Human Capital & Careers

Survey: Pension Plans Equal Risk

Most executives see moderate risk, favor mark-to-market accounting, and advocate annual expense smoothing when it comes to pension plans.
Stephen TaubDecember 14, 2006

Findings from a new study suggest that the growing trend among companies to freeze or close down their traditional pension funds will not abate.

According to a survey conducted by Mercer Human Resource Consulting, 56 percent of companies worldwide reported that their pension plans represent at least a “moderate” financial risk to their organization. What’s more, another 16 percent said the plans posed a “great” risk. Of that 16 percent, 9 percent were U.S.-based organizations. In addition, only 14 percent of U.S.-based companies said that pension plans represented “little or no extent.”

Most of the more than 300 companies surveyed have been proactive about reining in their traditional, defined-benefit plans. The survey found that nearly 60 percent of the companies polled indicated that they have taken, or are planning to take, at least one of the following actions in relation to their pension plans in the next two years: Close it to new hires, freeze/suspend benefits accruals, or reduce the level of benefits provided. More specifically, 42 percent of the respondents reported that they have closed, or are planning to close, their pension plan to new hires. This includes just over 40 percent for U.S.-based participants.

As companies pull back on traditional pension plans, they are ramping up defined contribution plans, such as 401(k) programs in the U.S. According to Mercer, more than half of the respondents (54 percent) noted that they already have introduced, or are planning to introduce or enhance their defined contribution plan. This roughly tracks the sentiment among the U.S.-based participants in the survey.

Altogether, Mercer received 312 responses. More than half (167) of the replies were from organizations based in the U.S., while the remaining responses came predominantly from Continental Europe, the UK, and Canada. Employers with more than 10,000 employees represented 45 percent of all respondents, while 41 percent had fewer than 5,000 employees.

The respondents were also asked which specific elements should be a part of pension accounting standards.
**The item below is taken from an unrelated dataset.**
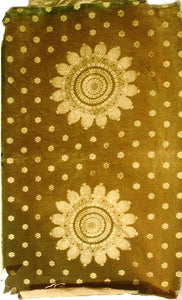 18th Century Italian Cut Velvet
Almost three-quarters of respondents (72 percent) indicated that they would prefer that mark-to-market elements (immediate recognition of gains or losses) be part of pension accounting standards for the balance sheet, with the remaining respondents (28 percent) preferring to mark-to-market annually.
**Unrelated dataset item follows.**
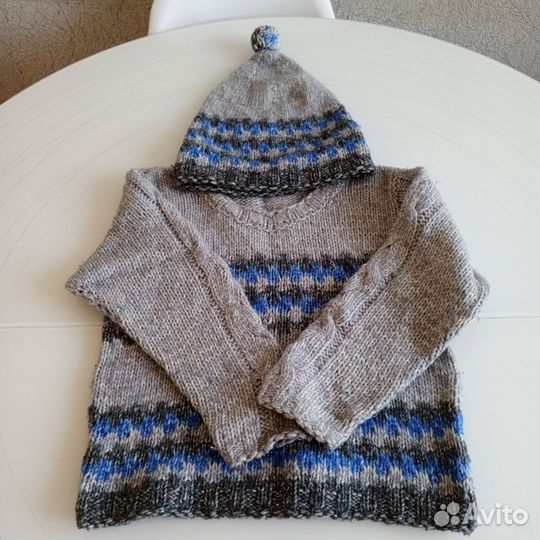 Вязаные вещи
More interesting, 61 percent of respondents indicated that pension accounting standards should allow smoothing for the annual expense rather than for the balance sheet (39 percent), according to the report. Many respondents also said they expect to consider changes to their investment policy to help shore up their plans. For example, 30 percent said they plan to increase allocations to fixed income investments, 26 percent plan to increase allocations to hedge funds, private equity vehicles, and/or infrastructure investments, and 26 percent said they will hedge interest rate risk.

“Globally, companies are waking up to the fact they need to manage pension plan funding in the overall context of their corporate finances, rather than as a separate entity,” said Bob Moreen, worldwide partner at Mercer, in a press release. “Letting a plan deficit develop can create a serious dent in profits and affect business growth, so employers can’t afford to disregard the risks.”